THE PROBLEM: Exclude the pictures and transcribe the rest of the data below exactly.

DATA PROVIDED:
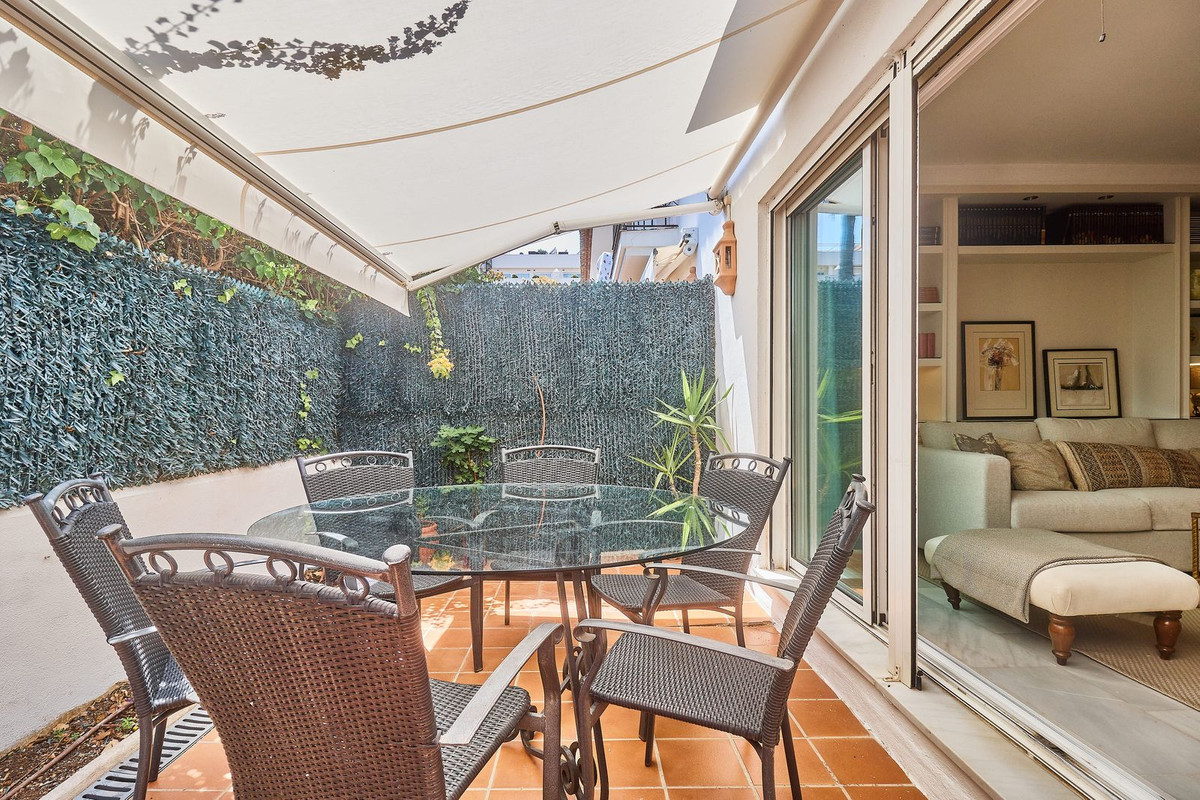 Te koop Half vrijstaand huis Costa Del Sol The Golden Mile € 1.750.000,-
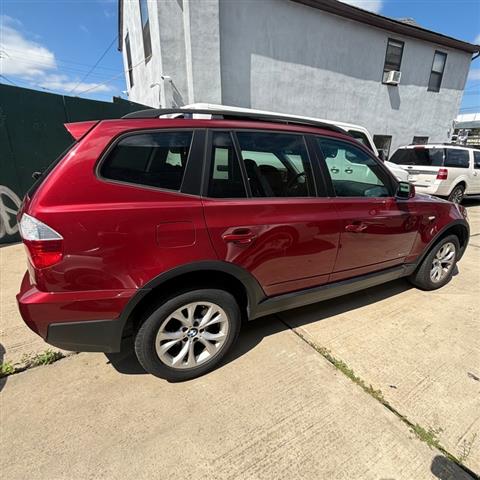 $7695 : 2009 BMW X3 xDrive30i image 6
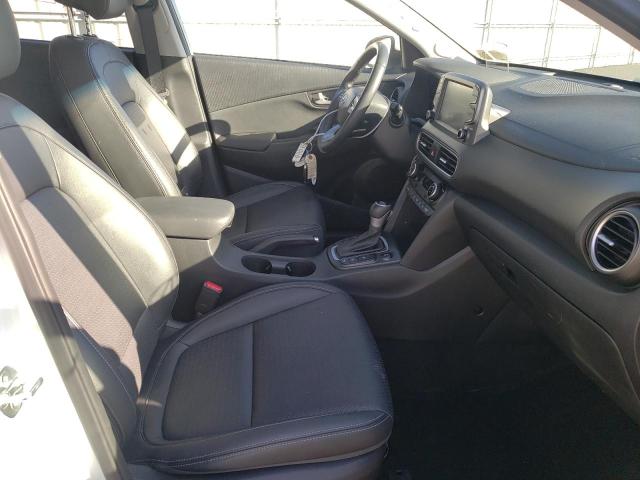 Photo 4 VIN: KM8K5CA50MU618371 - HYUNDAI KONA ULTIM 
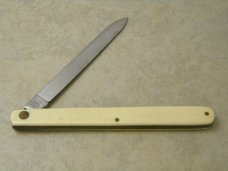 Schrade Walden USA SS 102 Melon Tester Knife 1946-1973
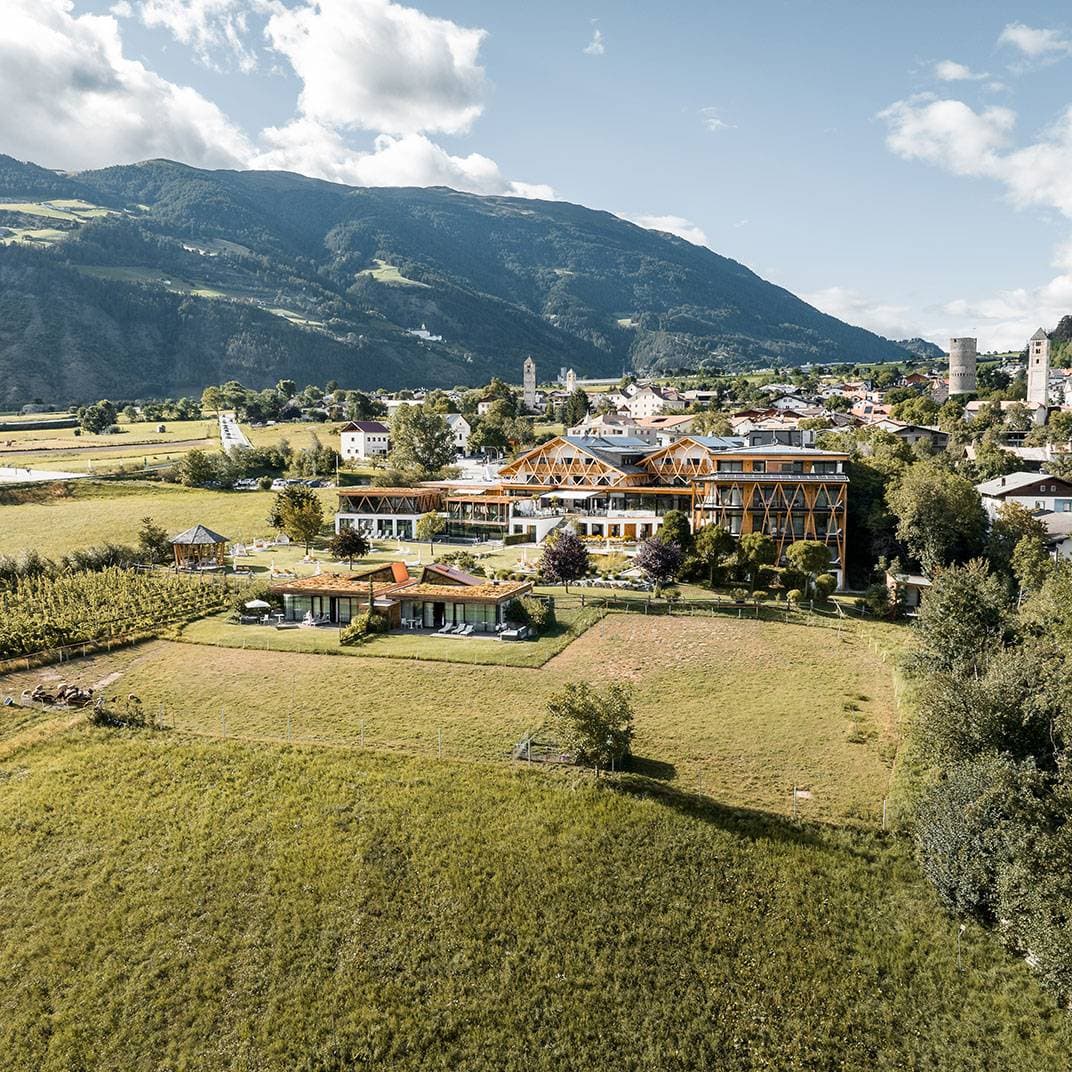 Garberhof 1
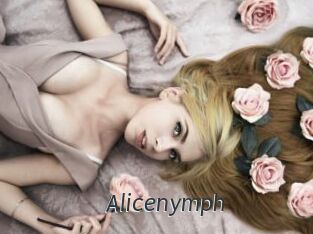 Alicenymph
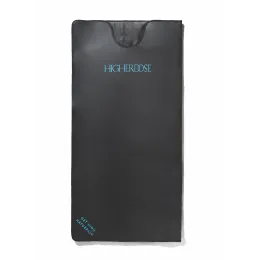 HIGHERDOSE® INFRARED BODY SAUNA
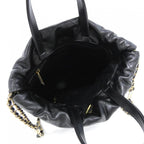 Chanel 22 Line Backpack — view 7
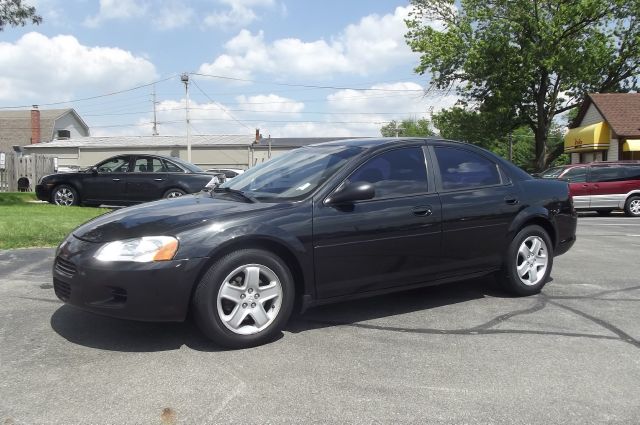 Dodge Stratus 2003 photo 15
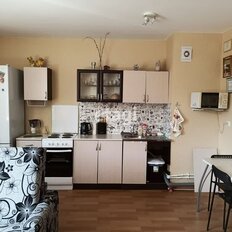 Квартира 31 м², студия - изображение 1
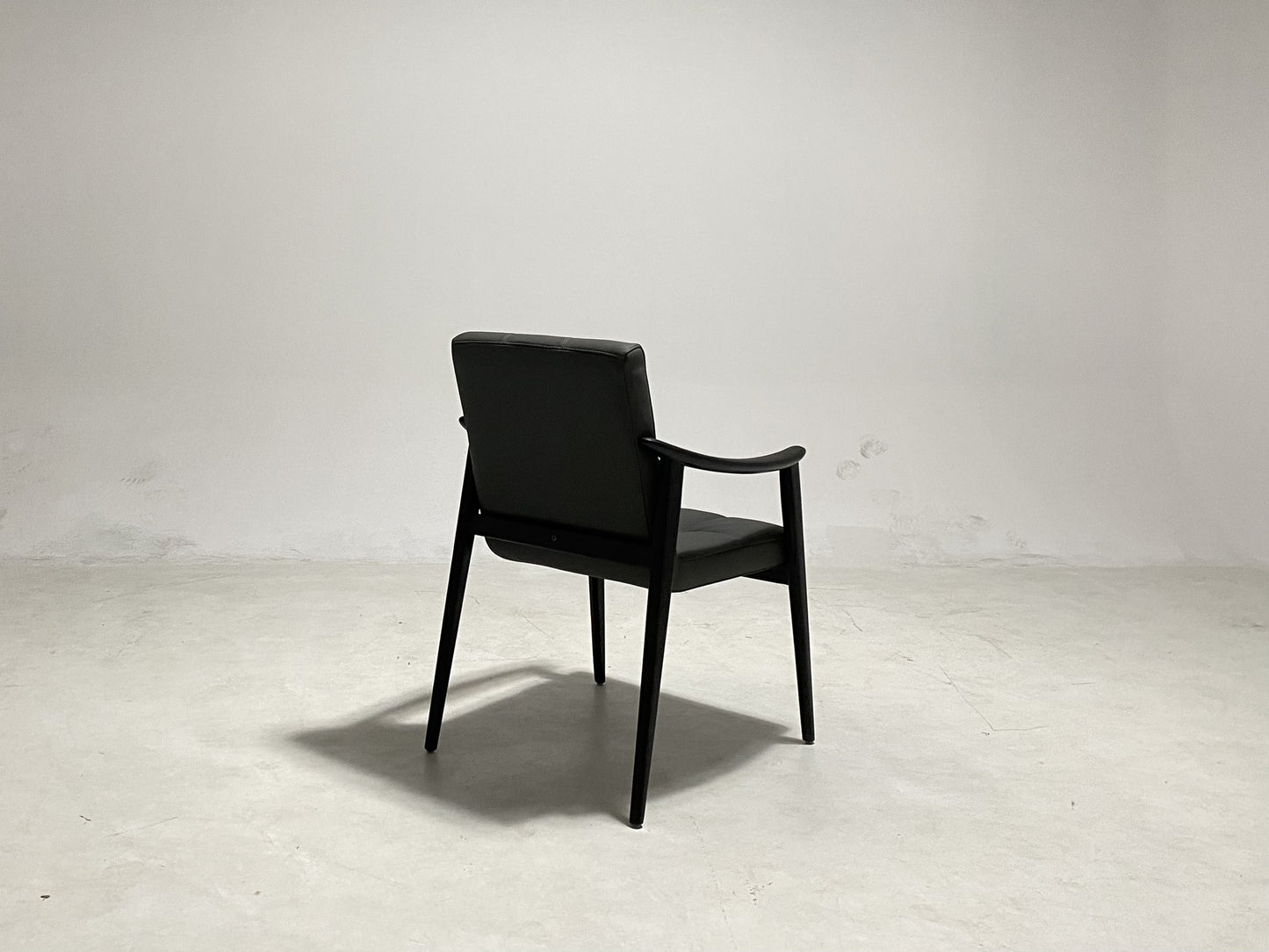 Minotti Fynn Dining Chair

ANSWER TO THIS TASK:
 Te koop Half vrijstaand huis Costa Del Sol The Golden Mile € 1.750.000,-
 $7695 : 2009 BMW X3 xDrive30i image 6
 Photo 4 VIN: KM8K5CA50MU618371 - HYUNDAI KONA ULTIM 
 Schrade Walden USA SS 102 Melon Tester Knife 1946-1973
 Garberhof 1
 Alicenymph
 HIGHERDOSE® INFRARED BODY SAUNA
 Chanel 22 Line Backpack — view 7
 Dodge Stratus 2003 photo 15
 Квартира 31 м², студия - изображение 1
 Minotti Fynn Dining Chair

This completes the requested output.